If after 30 seconds of positive mask ventilation the HR was less than 60, then I would intubate, increase the oxygen concentration to 100%, begin chest compressions (3 compressions to 1 breath for a total of 120 events/minute), and establish venous (umbilical vein catheterization) or intraosseous access (risks include tibial fracture and osteomyelitis).

If after another 30 seconds there were still no improvement, I would administer 0.01-0.03 mg/kg of epinephrine via the umbilical vein or established intraosseous access, and consider volume expansion.

Hypoglycemia, magnesium toxicity, and narcosis should also be considered in this particular case given the mother’s diabetes, probably treatment with magnesium sulfate (due to her preeclampsia), and pain control with intravenous narcotics.

If magnesium toxicity were confirmed, I would administer calcium (100 mg/kg of calcium gluconate or 30 mg/kg of CaCl2), recognizing that calcium therapy has been associated with cerebral calcification and decreased survival in stressed newborns (therefore, it should only be administered to reverse the effects of magnesium toxicity).

In the case of hypoglycemia (glucose < 35 mg/dL), glucose should be administered (8 mg/kg/minute of 10% solution).

While placental transfer of maternally administered narcotics could potentially be exacerbating this neonate’s condition, I would not administer naloxone unless all other resuscitative efforts had failed;

as this drug is no longer recommended during the initial resuscitation in the delivery room (can worsen the neurologic damage caused by asphyxia).

If I felt that the administration of naloxone was necessary, I would first ensure the restoration of the neonate’s heart rate and color with supported ventilation and then give 0.1 mg/kg by either the intravenous or intramuscular route (endotracheal administration is no longer recommended).

Given the relatively short duration of action of naloxone when compared to many narcotics, I would plan to monitor the neonate for an extended period of time to avoid recurrent respiratory depression.

• Clinical Notes:*
• Naloxone administration should be avoided when the neonate’s mother is suspected of long-term opioid abuse, because it has been associated with seizures and intraventricular hemorrhage under these circumstances.

Question 35

When would you consider placing a pulse oximeter and where would you place it?

(You are called to be available during the vaginal delivery of a term neonate.
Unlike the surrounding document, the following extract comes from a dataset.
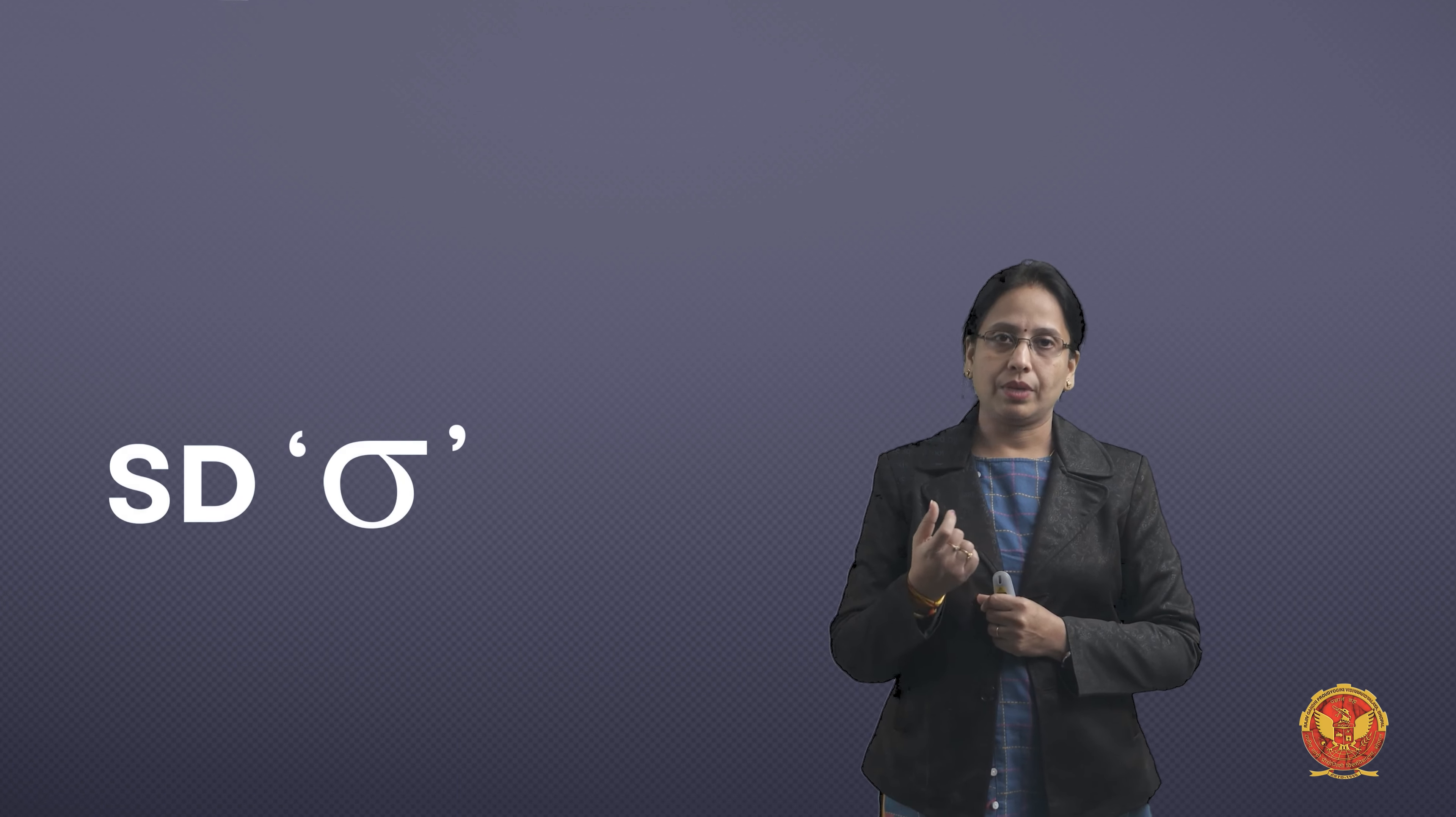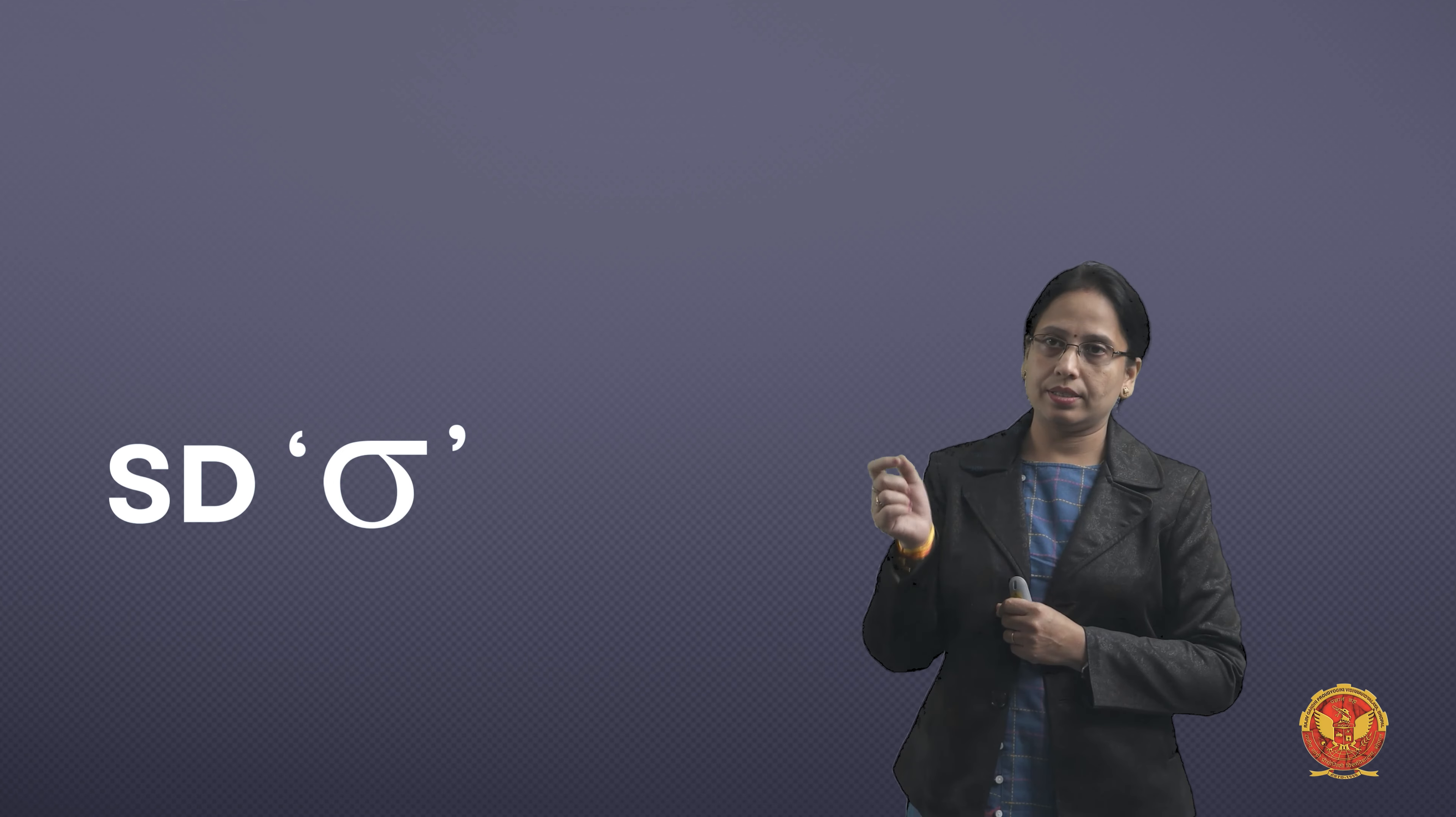Now, how we define standard deviation? It is a positive square root of the variance. When I say variance, variance is a square of the deviation from the mean. We will do in the numerical level and understand. So what is standard deviation? It is one of the basic methods of statistical analysis. It is denoted by SD and the mathematical symbol which we use is sigma.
The mother has refused an epidural for labor and thick meconium was noted following artificial rupture of maternal membranes. Moreover, she is a diabetic patient with preeclampsia.)

Answer 35

I would consider utilizing oximetry –

• when I anticipated the need for resuscitation,
• when positive pressure ventilation was required for more than a few breaths,
• when supplemental oxygen was necessary, or
• when cyanosis was persistent.

I would place the oximeter on the right upper extremity (finger, wrist, or medial palmar surface) in order to monitor pre-ductal blood flow, which provides a better assessment of central nervous system oxygenation.

Unfortunately, it often takes 1-2 minutes to place and obtain reliable readings from the pulse oximeter.